Groundwater bodies constitute important water supplies as they are considered to be the safest and most reliable sources for drinking water. Although they commonly show complex dynamics, they may provide information on climate variability, being sensitive at both local and global climate conditions. Currently, the shallow aquifer hosted in the Mt. Amiata volcanics represents the most important freshwater reservoir of southern Tuscany (central Italy). Nevertheless, such a groundwater system is still poorly constrained, despite the hydrogeological and geochemical investigations carried out in the last decades. In this work literature and new hydrogeological and water stable isotopic data from both rainfall and groundwater are reviewed with the aim to better understand how the Mt. Amiata aquifer responds to the meteoric recharge and evaluate the impact of climate variability on this significant groundwater body. Isotopically, a good agreement between the rainfall and the groundwater system was observed, suggesting that the aquifer can be used as a proxy for local climate changes.

Keywords

Central Italy Mt.
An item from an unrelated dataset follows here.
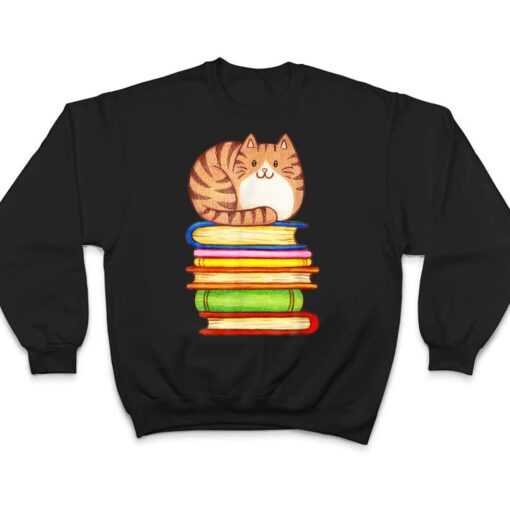 Cute Cat Books Graphic Women S Book Lovers Eacher T Shirt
Amiata aquifer Hydrology Hydrogeology Stable water isotopes Water management 

Notes

Acknowledgements

This work was partly financially supported by Acquedotto del Fiora Ltd. (Resp. OV) and the administrative and technical personnel is gratefully acknowledged for their help during the various sampling surveys carried out in the Mt. Amiata region. Many thanks to F. Capecchiacci, J. Cabassi, L. Giannini, and B. Nisi for their help in the field. M. Mussi, E. Calvi and M. Catania (CNR-IGG, Pisa) are thanked for performing the stable isotope analysis.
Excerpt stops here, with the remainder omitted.